2) Timing is Everything
While a light chat at the end of the day is nice for touching base, it isn’t always the best time for a serious topic. If your employer has had a challenging day at work this might not be a great time for bringing up issues. In this case let them know you would like to talk, the subject matter, and ask when would be a good time for them to discuss this with you. If it’s a child related situation that you feel needs immediate attention you should ask, “Is this a good time to discuss . . . ?” Then they will know you have something that needs their attention. Launching into a topic without this kind of notice doesn’t promote good communication. If something of a serious nature relating to the children has occurred, you may want to call or email them as soon as possible so that when they arrive home they know what’s happened. Never discuss issues in front of the children.
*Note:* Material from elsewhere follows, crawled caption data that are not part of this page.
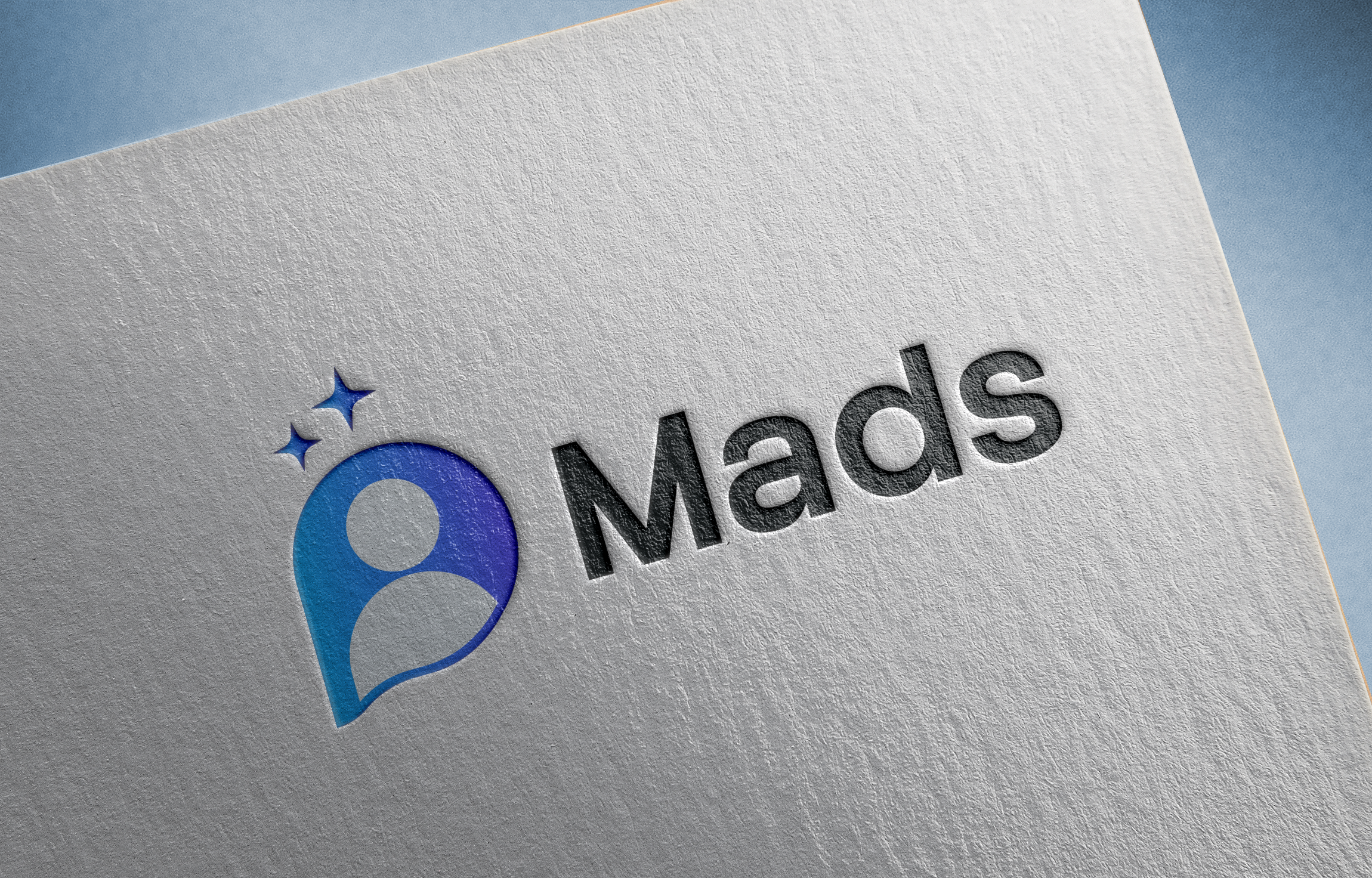 assets/logos/logo Design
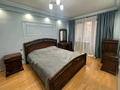 2-бөлмелі пәтер · 50 м² · 5/5 қабат, Жамбыла 84 — Желтоқсан- Наурызбай батыра, бағасы: 63 млн ₸ в Алматы, Алмалинский р-н — фото 11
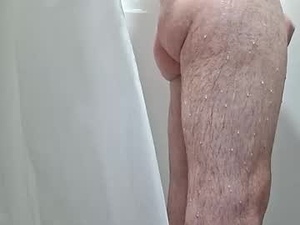 dailydewyou's webcam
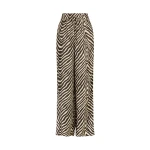 Sana Silk Relaxed Pant
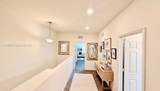 11790 251st St - Photo 12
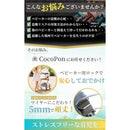 00005a060000628000000000e7fffdfffffff3feff7fffffffcfffc3ffe70fffabababb0ab0000006b1f806b7c21809e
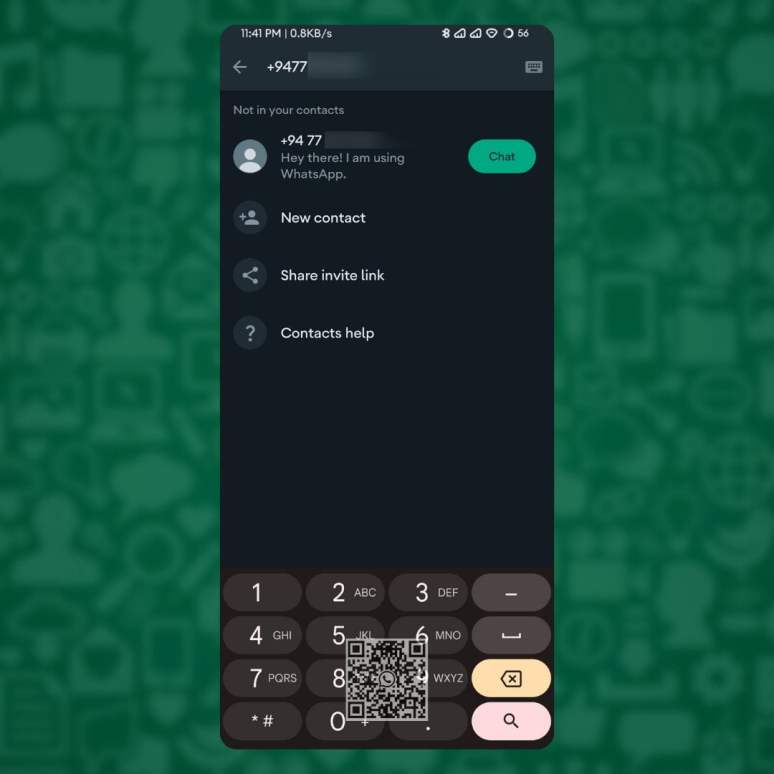 All new changes and feature spotted on WhatsApp on July 2023 28 All new changes and feature spotted on WhatsApp on July 2023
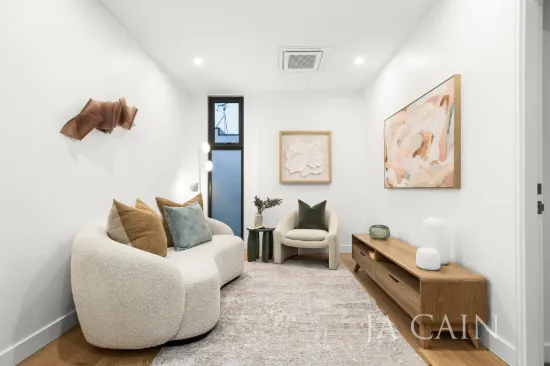 3/1689 Malvern Road, Glen Iris, Vic 3146-Image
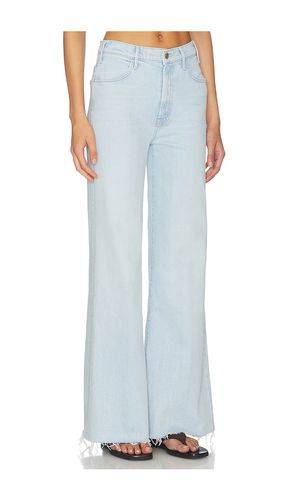 JAMBES LARGES HUSTLER en . Taille 24. Also en 26, 27, 29, 33, 34 - MOTHER - Modalova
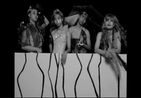 The Rules of Charge The Noble Temperament by Lin Yuqi contemporary artwork Moving Image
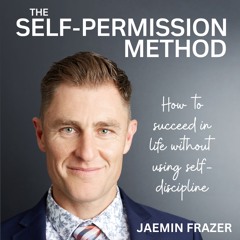 The Self-Permission Method (Sample)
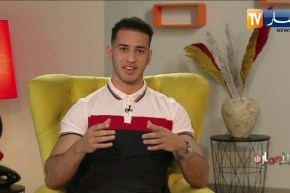 الطرق السليمة لممارسة الرياضة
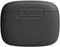 JBL Tune Buds - Draadloze In-ear Oordopjes - ANC - 48 uur batterijduur - Zwart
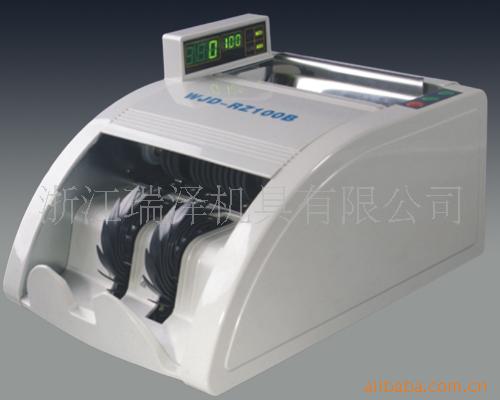 WJD-RZ100Bڻߵ㳮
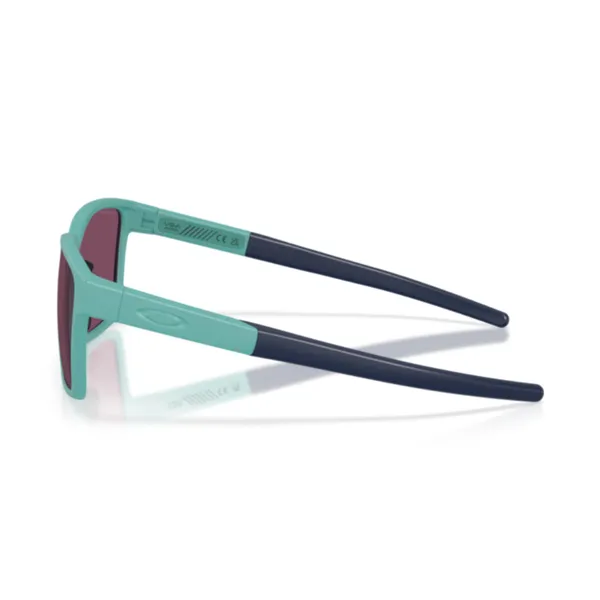 Oakley_Actuator_Sq_Matt_Pacific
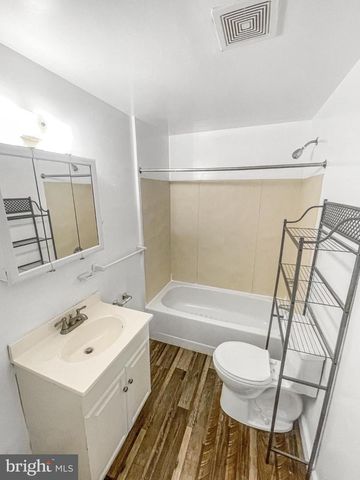 1436 LIGHT ST, Baltimore, MD 21230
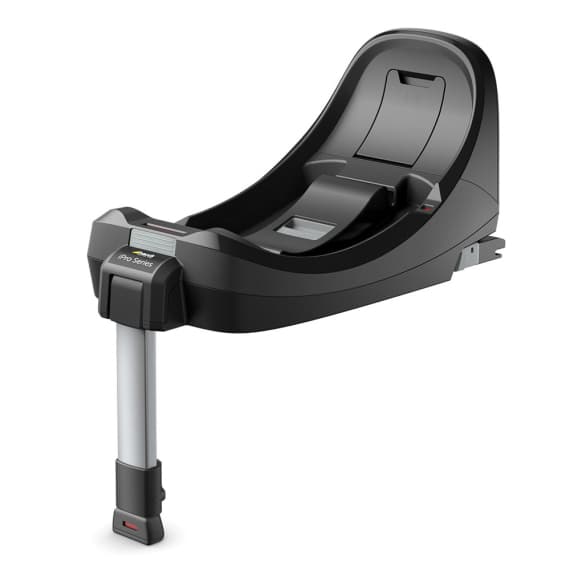 База Isofix для автокрісла Hauck iPro 33987-9 black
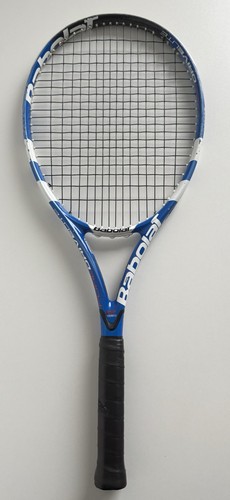 Racchetta tennis babolat - racchetta, da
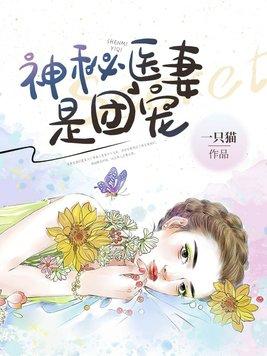 司少夫人捂好马甲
Sharing all the wonderful things the day held also needs their attention. While a log is a great option so is a quick email, phone call, photo or text message – it helps them feel that they are in the loop when it comes to their child. How wonderful when parents can come home to good feelings about their children and you!
3) Periodic Meetings
It is a good idea to set a plan for meeting with your employers periodically – perhaps after the first 30 to 60 days, 6 month, year anniversary, and at least yearly thereafter. This time should be set aside to discuss all aspects of how the job is going, any concerns or challenges, and set goals. It is best to meet away from the house if possible and definitely at a time when children are not present. Remember we have a Performance Review Form that can be used for these formal meetings.
4) Balanced Approach
Starting a conversation can be challenging, especially if there is an issue that needs attention. Beginning with some positive comments can help ease into more serious matters. Then be clear and direct about concerns – your employers are not mind readers. Giving concrete examples can be helpful in illustrating your point. Then listen to responses and reactions. Be prepared with options and ready to problem solve together. Set new goals which may include another follow up meeting to discuss progress.
5) Good Listening Skills
Being an empathetic listener is a valuable skill and goes a long way in communication with your employer. Try not to react or be defensive, really think about what they are saying so that your response will be thoughtful and appropriate. There are times when sensitive topics need to be discussed; your supportive listening skills will help ease uncomfortable feelings that may arise.
6) Be Prepared
It is a good idea to write down topics you wish to discuss with your employer before you meet with them or complete the Performance Review Form. Make sure to note examples and have some suggestions ready for options to consider. Also, if you feel you may need to compromise or negotiate on things have those ideas prepared as well. Then as you meet you’ll have your notes to reference. Some nannies feel intimidated in these formal meeting settings; taking notes as you are discussing issues can help you ease tension and are a good source of information after the meeting is over.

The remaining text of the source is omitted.